Ahora bien, ¿podremos encontrar fósiles en todos los recovecos de la Tierra? Tajantemente, NO. Para empezar, además de las rocas sedimentarias, tenemos las rocas ígneas y las rocas metamórficas. Las primeras se forman una vez que el magma —sí, esa pasta incandescente que sale de los volcanes— se ha enfriado y solidificado. Durante el enfriamiento de este magma o lava, los minerales se van formando a altas temperaturas y presiones, que a su vez varían en función de dónde ocurra el proceso. No está igual de calentito un magma cerca de la superficie terrestre que uno dentro del manto, el cual es un horno en el que no te querrías meter. De la misma manera, no existe la misma presión en la superficie que en el interior de la Tierra, con toneladas de peso encima.
Respecto a las rocas metamórficas, como su nombre indica, resultan de la metamorfosis de rocas ya existentes. Esta metamorfosis o cambio es provocado por la influencia de la temperatura y de la presión. Así que en pocas palabras estamos cociendo o aplastando algo mucho. Normalmente, son rocas sedimentarias a las que se somete a una elevada temperatura, debido, por ejemplo, al contacto con lava volcánica muy caliente, o alternativamente a elevadas presiones, como, por ejemplo, cuando dos placas tectónicas chocan la una contra la otra. Estas condiciones modifican la estructura de la roca y dan lugar a nuestra pequeña metamórfica.

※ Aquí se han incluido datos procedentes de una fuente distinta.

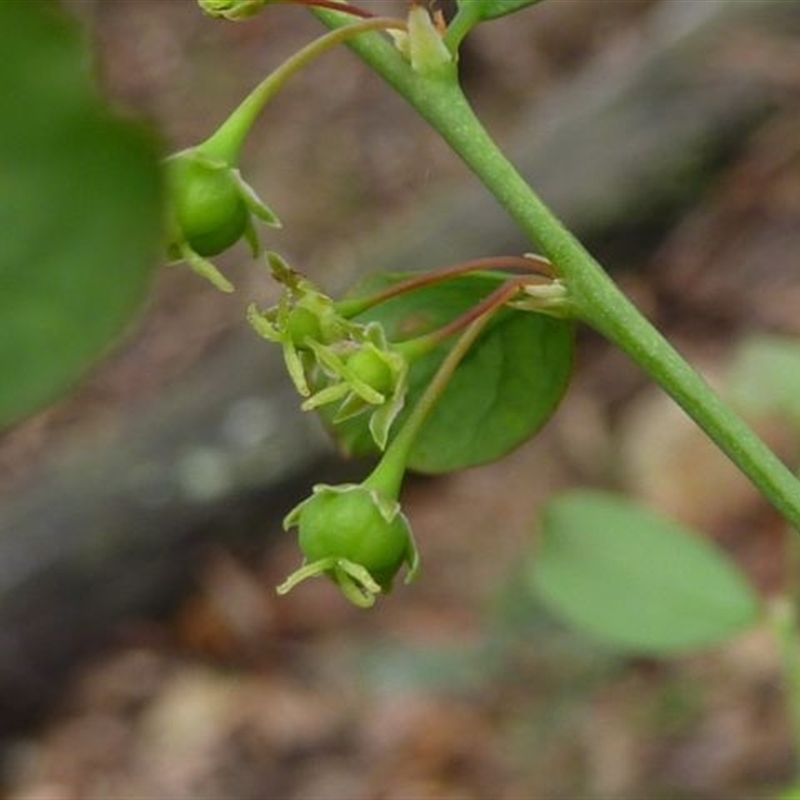 Jackie Miles, female flowers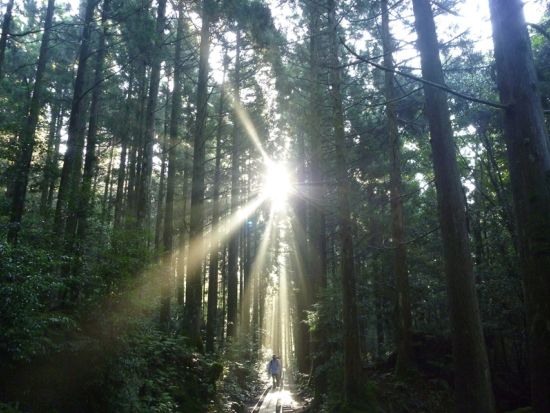 津曲（つまがり）さんと行く！縄文杉＋白谷雲水峡（苔むす森／太鼓岩）2日間トレッキングツアー 写真＆動画撮影付き by 屋久島の輪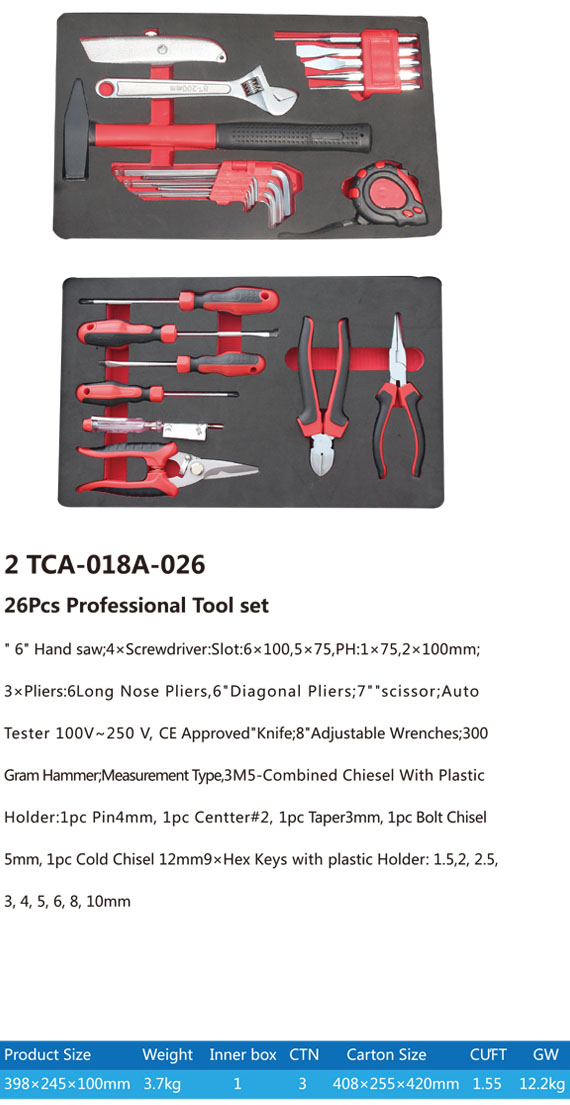 TCA-018A-026 Professional Tool set-1
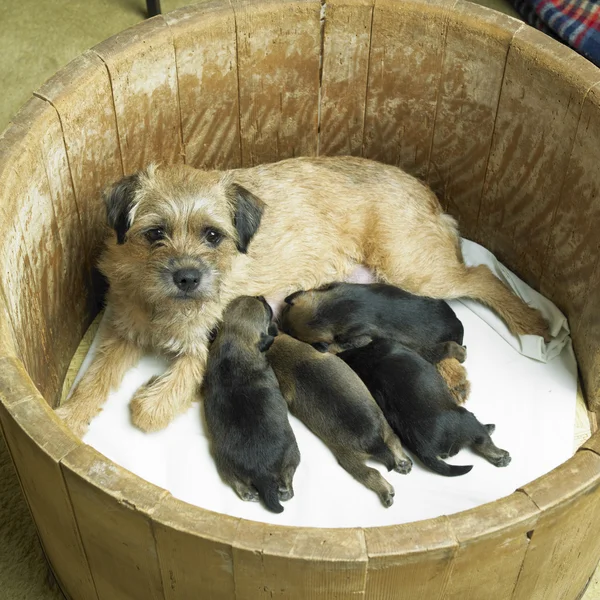 Female dog with puppies (Border Terrier) — Stock Photo, Image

Los diferentes mecanismos de formación tanto de las rocas ígneas como de las metamórficas, hacen difícil la preservación de restos orgánicos en ellas. Se calcinarían y destruirían sin piedad, esto es así. Sin embargo, como hemos dicho antes, el azar desempeña un importante papel en la paleontología. En algunas ocasiones, se han podido observar restos fósiles en determinadas rocas ígneas, como pueden ser rastros de pisadas en cenizas volcánicas de algún animalito algo empanado que se paseó cerca de un volcán en erupción. Muy listo no era, pero gracias a eso tenemos indicios de que hemos tenido animales algo justitos toda la vida. También podemos ver lo que nos gusta llamar «fantasmas» en las rocas metamórficas. Estos «fantasmas» pueden ser fósiles presentes en la roca sedimentaria original que ha sufrido la misma metamorfosis que esta y que ahora solo se puede intuir que por ahí igual teníamos algún fósil, pero vete tú a saber qué. Rarezas con un porcentaje de representación muy bajo, pero que sí, se encuentran.
«Genial, entonces un fósil será todo resto orgánico o actividad de algún organismo que haya sido enterrado rápidamente bajo capas o estratos de sedimento.» Exacto, esa es la teoría básica, eso sí, los procesos de fosilización que se dan una vez enterrado el susodicho pueden ser diversos y mucho más complejos que todo esto.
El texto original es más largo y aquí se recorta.